ACTIVITY – Copy all lines holding the word "Camera" from the entries.

INFORMATION SUPPLIED –
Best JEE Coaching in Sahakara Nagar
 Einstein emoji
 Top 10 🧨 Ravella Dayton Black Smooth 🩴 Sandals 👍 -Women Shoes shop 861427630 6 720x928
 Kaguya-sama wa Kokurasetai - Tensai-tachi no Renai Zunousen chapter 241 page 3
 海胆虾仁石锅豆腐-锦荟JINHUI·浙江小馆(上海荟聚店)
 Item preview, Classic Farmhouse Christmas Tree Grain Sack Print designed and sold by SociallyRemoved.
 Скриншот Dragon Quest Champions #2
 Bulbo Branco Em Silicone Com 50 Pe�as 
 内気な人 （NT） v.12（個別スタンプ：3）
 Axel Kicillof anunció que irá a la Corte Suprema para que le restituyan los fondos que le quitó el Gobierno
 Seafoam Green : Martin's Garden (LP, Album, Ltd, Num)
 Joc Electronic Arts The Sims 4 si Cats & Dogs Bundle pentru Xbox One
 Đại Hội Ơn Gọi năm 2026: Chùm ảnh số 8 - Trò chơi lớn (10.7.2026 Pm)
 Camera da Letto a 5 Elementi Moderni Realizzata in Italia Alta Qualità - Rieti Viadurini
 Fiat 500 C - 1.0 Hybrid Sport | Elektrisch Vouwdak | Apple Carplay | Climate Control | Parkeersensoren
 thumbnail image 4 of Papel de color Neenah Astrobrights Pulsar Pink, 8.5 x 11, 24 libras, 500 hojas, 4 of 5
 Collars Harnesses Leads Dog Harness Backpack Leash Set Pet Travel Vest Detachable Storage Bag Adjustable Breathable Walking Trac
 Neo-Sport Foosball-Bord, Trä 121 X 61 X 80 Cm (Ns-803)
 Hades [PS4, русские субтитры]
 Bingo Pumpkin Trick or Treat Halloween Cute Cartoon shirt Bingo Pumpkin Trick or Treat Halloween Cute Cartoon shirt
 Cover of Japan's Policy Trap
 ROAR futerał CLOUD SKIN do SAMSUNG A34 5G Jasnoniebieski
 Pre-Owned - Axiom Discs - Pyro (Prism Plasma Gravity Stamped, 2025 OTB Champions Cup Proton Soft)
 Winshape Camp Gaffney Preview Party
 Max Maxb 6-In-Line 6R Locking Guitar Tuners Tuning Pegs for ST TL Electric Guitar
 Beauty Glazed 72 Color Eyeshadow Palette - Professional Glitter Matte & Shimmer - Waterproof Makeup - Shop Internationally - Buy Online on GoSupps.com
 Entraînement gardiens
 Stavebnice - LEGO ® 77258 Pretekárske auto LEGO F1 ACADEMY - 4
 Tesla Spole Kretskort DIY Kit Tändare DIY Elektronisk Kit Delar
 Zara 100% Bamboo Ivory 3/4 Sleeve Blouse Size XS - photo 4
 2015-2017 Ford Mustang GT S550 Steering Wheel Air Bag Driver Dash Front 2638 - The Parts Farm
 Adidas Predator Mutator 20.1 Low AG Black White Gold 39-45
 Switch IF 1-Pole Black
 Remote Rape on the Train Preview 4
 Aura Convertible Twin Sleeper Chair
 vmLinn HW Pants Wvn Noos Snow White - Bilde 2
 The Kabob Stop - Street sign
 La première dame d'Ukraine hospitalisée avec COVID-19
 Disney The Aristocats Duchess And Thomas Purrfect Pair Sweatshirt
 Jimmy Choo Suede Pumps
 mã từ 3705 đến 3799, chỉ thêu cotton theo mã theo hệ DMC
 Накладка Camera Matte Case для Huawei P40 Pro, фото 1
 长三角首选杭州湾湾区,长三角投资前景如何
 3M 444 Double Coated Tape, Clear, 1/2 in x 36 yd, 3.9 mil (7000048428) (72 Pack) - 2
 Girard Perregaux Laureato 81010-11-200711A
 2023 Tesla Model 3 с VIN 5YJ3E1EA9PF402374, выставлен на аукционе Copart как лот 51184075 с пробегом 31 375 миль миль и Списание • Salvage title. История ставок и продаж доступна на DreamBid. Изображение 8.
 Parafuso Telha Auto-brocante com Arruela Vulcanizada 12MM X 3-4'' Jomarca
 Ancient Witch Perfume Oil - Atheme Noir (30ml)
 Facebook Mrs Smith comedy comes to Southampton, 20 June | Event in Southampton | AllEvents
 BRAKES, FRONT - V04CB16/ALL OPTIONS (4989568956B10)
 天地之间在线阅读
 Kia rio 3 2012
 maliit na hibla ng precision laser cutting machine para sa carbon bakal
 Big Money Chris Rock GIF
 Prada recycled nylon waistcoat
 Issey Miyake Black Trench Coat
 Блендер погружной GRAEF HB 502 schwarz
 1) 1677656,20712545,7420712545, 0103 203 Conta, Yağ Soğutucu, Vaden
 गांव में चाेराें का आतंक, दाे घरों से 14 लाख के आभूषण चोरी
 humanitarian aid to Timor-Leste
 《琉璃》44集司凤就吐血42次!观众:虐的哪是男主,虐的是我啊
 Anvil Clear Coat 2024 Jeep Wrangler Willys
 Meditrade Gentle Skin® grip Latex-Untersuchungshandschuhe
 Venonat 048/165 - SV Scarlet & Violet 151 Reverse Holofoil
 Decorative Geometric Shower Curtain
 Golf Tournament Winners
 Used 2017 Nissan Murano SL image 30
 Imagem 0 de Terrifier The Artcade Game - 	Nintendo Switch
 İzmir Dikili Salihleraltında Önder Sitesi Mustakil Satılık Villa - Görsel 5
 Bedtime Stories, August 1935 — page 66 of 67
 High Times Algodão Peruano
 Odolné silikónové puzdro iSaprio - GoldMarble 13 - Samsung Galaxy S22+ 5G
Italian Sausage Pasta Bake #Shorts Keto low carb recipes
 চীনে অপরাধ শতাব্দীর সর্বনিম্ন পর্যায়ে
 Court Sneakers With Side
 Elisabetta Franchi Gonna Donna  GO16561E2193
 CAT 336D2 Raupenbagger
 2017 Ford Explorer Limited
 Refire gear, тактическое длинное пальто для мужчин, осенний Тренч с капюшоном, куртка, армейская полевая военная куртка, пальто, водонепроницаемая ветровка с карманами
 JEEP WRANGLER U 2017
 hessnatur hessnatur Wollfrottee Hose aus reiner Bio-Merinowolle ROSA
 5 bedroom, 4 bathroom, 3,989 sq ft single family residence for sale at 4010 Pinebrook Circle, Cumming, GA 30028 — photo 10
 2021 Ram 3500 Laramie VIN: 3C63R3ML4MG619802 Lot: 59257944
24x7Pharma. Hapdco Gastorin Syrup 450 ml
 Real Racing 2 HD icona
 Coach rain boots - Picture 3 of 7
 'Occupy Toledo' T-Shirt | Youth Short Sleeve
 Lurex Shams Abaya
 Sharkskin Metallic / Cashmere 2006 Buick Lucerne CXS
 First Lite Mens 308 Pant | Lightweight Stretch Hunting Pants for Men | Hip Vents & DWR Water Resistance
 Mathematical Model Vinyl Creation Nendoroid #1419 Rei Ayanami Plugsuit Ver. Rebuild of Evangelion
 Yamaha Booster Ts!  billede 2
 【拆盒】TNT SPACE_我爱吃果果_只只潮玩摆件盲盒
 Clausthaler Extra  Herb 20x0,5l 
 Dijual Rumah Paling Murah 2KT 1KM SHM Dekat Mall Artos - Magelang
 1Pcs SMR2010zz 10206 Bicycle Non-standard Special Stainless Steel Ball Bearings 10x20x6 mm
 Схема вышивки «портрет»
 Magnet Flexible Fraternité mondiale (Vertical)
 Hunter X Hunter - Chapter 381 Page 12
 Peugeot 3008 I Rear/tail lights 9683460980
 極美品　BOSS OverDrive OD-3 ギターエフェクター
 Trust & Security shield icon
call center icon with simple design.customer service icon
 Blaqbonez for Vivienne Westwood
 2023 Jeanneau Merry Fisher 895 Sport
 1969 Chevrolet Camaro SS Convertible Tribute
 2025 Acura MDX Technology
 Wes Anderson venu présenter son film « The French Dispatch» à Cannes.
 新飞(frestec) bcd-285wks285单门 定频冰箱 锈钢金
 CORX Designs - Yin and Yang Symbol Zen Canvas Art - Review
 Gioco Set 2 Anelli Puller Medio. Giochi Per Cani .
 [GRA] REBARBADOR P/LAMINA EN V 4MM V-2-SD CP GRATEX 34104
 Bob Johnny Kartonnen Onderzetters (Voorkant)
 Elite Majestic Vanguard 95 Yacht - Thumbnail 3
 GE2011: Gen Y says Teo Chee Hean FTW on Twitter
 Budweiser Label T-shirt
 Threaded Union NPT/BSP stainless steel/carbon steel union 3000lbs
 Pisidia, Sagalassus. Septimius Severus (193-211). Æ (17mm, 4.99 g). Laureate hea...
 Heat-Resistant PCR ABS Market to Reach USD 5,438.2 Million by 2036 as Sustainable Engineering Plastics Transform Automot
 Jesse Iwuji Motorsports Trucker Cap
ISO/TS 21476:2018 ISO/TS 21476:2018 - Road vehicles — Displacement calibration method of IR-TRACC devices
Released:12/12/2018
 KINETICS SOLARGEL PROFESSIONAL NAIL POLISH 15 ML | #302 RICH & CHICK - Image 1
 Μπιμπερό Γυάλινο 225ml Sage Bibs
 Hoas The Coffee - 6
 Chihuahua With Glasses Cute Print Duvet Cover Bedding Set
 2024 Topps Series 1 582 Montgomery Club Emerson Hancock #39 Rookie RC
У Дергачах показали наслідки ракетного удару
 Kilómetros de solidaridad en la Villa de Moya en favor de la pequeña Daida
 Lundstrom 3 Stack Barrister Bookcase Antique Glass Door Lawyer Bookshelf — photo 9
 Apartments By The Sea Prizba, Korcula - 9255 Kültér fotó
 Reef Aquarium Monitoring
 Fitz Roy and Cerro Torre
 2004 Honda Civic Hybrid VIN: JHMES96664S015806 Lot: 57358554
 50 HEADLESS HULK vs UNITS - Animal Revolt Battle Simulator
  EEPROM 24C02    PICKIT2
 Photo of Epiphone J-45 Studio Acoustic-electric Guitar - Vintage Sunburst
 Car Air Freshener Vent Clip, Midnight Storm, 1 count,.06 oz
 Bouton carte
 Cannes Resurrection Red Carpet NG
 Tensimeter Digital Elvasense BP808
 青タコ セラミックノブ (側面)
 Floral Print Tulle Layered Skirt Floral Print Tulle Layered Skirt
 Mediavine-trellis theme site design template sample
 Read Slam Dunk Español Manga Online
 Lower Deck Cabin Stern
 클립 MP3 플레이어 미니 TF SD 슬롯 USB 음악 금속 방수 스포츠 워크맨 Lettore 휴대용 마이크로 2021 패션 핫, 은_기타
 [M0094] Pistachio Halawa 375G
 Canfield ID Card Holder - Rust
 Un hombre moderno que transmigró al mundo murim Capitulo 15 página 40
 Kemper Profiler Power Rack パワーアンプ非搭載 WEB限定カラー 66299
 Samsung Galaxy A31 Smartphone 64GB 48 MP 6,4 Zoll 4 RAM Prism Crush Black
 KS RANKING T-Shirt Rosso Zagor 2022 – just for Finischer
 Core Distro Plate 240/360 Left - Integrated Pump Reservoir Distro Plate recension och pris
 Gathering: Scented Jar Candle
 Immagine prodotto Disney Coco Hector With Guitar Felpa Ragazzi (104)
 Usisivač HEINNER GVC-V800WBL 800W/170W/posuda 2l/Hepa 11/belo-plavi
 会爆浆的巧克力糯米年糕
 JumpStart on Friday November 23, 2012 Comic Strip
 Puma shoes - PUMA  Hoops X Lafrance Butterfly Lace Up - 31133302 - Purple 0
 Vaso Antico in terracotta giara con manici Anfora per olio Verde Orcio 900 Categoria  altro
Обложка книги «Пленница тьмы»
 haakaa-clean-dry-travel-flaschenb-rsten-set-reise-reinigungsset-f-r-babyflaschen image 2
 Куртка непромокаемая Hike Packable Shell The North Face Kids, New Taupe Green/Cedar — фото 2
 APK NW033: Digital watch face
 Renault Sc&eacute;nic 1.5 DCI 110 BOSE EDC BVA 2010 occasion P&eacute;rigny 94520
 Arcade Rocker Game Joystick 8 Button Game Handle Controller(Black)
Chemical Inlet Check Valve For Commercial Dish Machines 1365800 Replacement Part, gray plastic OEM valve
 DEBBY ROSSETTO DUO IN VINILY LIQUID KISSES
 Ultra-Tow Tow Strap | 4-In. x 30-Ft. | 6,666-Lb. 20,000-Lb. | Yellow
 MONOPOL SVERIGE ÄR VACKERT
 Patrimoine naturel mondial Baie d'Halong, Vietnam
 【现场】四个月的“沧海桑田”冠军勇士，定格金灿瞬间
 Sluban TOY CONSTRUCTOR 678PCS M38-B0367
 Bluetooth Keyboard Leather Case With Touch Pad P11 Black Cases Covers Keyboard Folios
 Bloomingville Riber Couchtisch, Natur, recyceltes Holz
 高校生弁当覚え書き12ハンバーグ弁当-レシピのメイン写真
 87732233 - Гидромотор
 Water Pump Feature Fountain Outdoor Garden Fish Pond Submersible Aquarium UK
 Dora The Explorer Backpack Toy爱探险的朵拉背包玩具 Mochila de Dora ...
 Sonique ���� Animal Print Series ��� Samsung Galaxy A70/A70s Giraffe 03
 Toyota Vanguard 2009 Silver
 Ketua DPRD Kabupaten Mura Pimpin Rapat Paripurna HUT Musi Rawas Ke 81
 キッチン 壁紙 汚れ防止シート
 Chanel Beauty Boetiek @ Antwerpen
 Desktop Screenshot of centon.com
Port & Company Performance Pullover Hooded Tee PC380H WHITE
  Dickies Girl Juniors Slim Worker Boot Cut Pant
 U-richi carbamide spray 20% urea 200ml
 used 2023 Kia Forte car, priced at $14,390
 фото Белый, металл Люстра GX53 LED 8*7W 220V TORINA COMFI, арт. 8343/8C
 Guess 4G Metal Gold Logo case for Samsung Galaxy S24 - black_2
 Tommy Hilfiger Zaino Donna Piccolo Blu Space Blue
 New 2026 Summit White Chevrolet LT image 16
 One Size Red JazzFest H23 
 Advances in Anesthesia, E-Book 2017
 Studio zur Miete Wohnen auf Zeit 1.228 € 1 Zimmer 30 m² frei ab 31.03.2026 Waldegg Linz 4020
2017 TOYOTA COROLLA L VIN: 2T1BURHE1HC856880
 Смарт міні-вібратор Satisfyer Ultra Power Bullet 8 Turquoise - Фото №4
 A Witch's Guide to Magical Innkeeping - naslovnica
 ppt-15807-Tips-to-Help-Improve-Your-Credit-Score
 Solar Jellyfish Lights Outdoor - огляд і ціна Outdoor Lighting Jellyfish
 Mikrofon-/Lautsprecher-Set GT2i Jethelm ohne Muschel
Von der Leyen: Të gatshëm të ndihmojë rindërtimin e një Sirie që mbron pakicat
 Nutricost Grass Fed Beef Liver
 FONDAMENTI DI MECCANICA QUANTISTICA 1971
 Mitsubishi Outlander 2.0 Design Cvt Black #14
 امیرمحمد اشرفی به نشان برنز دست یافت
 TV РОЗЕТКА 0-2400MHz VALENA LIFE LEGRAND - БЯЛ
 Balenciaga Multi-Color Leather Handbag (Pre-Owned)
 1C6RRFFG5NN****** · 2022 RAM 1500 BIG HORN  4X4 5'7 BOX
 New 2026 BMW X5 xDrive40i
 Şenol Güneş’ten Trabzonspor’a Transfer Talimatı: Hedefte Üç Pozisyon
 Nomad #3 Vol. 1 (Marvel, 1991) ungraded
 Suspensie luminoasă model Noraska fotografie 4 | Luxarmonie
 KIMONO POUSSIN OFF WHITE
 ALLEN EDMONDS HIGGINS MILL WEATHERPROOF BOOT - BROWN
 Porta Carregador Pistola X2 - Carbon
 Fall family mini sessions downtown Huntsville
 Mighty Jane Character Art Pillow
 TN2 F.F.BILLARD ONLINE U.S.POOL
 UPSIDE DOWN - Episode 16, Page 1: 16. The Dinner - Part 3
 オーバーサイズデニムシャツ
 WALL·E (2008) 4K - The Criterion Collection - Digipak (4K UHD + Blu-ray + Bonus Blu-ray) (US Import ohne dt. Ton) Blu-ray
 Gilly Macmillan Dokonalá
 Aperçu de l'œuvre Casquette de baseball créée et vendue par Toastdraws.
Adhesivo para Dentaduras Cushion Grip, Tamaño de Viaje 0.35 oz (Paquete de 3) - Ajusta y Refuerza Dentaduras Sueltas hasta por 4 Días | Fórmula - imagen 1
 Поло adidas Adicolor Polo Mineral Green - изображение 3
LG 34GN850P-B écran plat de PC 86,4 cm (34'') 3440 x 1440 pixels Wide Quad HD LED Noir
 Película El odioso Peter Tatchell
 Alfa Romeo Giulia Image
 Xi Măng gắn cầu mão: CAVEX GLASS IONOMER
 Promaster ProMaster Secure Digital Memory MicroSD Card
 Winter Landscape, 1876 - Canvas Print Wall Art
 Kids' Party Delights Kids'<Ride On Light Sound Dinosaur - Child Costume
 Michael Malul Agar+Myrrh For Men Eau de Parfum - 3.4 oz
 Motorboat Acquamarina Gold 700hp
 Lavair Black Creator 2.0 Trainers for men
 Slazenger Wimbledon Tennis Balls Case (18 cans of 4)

WORKED SOLUTION –
 Camera da Letto a 5 Elementi Moderni Realizzata in Italia Alta Qualità - Rieti Viadurini
 Накладка Camera Matte Case для Huawei P40 Pro, фото 1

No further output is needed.